From Mexico to SoCo: How did fast-food chain El Pollo Loco fare on the long journey?

Sep 2, 2009 at 4:00 am

Fast food isn't typical territory for this column, but El Pollo Loco isn't the typical fast-food chain. Though now based in Costa Mesa, California, it wasn't founded there. In fact, it wasn't founded in the United States, period. It's a rare specimen in the nation that has made the Golden Arches a symbol as universal as a cartoon heart: the fast-food import.

The original El Pollo Loco opened in 1975 as a roadside stand in Guasave, Mexico. Guasave is a small city located in the state of Sinaloa on the Pacific coast, about 200 miles north of Mazatlán. (Just how small is Guasave? Well, take the source for what it's worth, but according to its Wikipedia entry, its "main [tourist] attraction is the now famous traffic lights right in the middle of the highway.") More locations soon opened throughout Mexico, and in 1980 the chain established its first American outpost in Los Angeles. Today El Pollo Loco comprises nearly 400 restaurants spread across fourteen U.S. states.

The first St. Louis location opened in May where Lemay Ferry Road intersects South Lindbergh Boulevard. South county might seem like an unlikely spot for a chain whose birthplace is in Mexico, but it's a sign — the first of many, really — of how Americanized El Pollo Loco has become. Remove the specific logos and dish names, and this could be any fast-food joint: drive-thru, soda fountain, condiment bar, picture menu of numbered combo meals.

El Pollo Loco translates as "the crazy chicken," and chicken is pretty much the only show in town, served as individual pieces or chopped up for burritos, tacos, nachos, quesadillas and salads. The restaurant refers to its chicken as "flame-grilled," which is one of those ridiculous phrases fast-food chains devise to convince you that their food is, you know, real. But El Pollo Loco does have a grill, located behind the cash registers, where cooks tend to the chicken, and every now and then the tip of an actual flame will flicker above the grate.

The chicken is marinated in a concoction of citrus juice, garlic, herbs and spices that — according to El Pollo Loco's official history, at least — has passed unchanged from the restaurant's founding family to the chain's American owners. (The current owner is a New York-based asset-management firm; previous American owners included the same company that owns Denny's.) On my first visit, I opted to try the chicken in its purest form, ordering the two-piece meal with a leg and a thigh. Those who prefer white meat can order a breast and a wing and pay a little more.

The chicken arrived fresh from the grill, its skin a lovely copper color. The skin held much of the flavor: the natural savor of browned meat with a hint of garlic and the sweetness (though not the tartness) of citrus. The marinade hadn't permeated into the meat, which was tender but needed a sprinkle of salt.

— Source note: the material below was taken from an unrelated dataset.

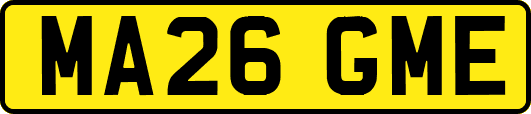 MA26GME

The chicken is served with two tortillas (corn or flour) and your choice of two sides. I, being something of a Neanderthal, ate the chicken with my hands, reserving my flour tortillas for — well, I wasn't really sure what to do with them. I decided to use them as a vehicle for sampling the four different salsas available at the condiment bar. The house salsa is chunky with tomato and relatively tame; the pico de gallo is straightforward. Hottest was the dark salsa de árbol, made from the eponymous chile, while the most intriguing was the "avocado salsa," a thin, bright green sauce that didn't taste much like avocados but possessed some peppery bite.

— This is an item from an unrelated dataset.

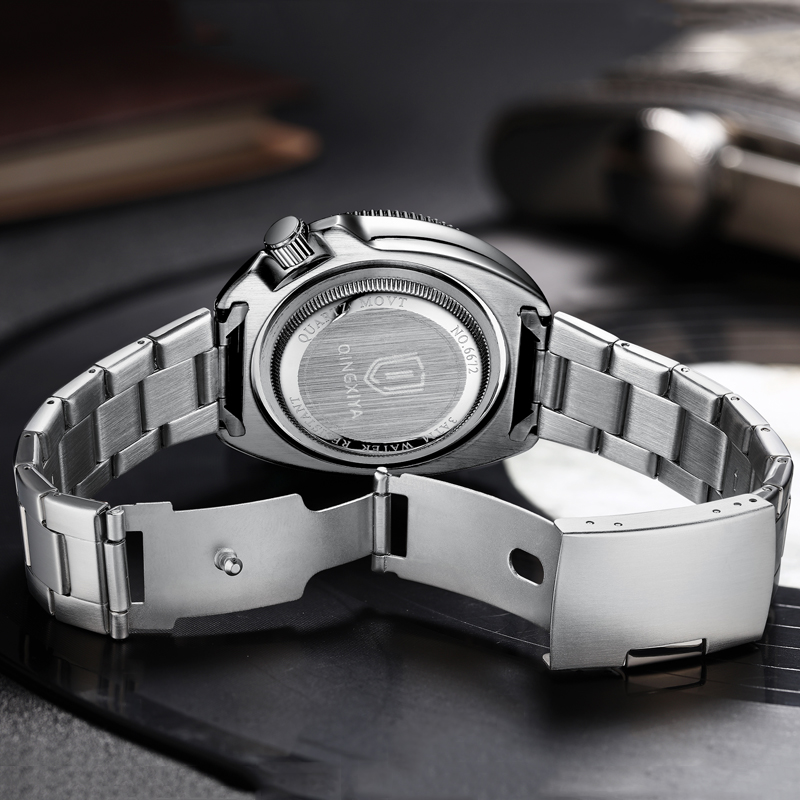 QINGXIYA Brand Fashion Classic - đánh giá và giá Zen Luxury Watch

The sides are uninspiring, more in line with American tastes than Mexican palates: fries, salad, cole slaw, mashed potatoes with gravy (!), mac & cheese. Pinto beans are served in a lightly sweet barbecue sauce, and to my dismay, if not surprise, a corn cobette came not with the traditional Mexican street-food accompaniments (lime, cayenne powder, sometimes sour cream), but plain ol' butter. An order of tortilla soup brought a decent broth thick with shredded chicken (naturally) and vegetables but no visible tortillas.

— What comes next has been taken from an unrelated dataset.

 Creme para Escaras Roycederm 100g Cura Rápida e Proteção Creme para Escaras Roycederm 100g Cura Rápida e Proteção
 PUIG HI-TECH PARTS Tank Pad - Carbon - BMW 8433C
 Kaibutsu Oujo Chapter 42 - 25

Curious to see how the chicken worked in one of the other dishes, I returned to El Pollo Loco and ordered the "Ultimate Grilled Burrito," one of four burritos available. This is a monster dish: chicken with rice, pinto beans, guacamole, pico de gallo, sour cream and cheese. The burrito is lightly browned on both of its broad sides, resulting in a crisper texture than the usual burrito has, but the interior was surprisingly bland, much less than the sum of its parts. The chicken was especially obscured here, its subtle seasonings utterly lost among its "ultimate" accompaniments.

I can't imagine the founders of El Pollo Loco would be happy to see their chicken described as utterly lost. Then again, I doubt the "Ultimate Grilled Burrito" was on the original menu. Stick with the original chicken. South county's El Pollo Loco might be a far cry from Guasave, circa 1975, but some of the flavor remains.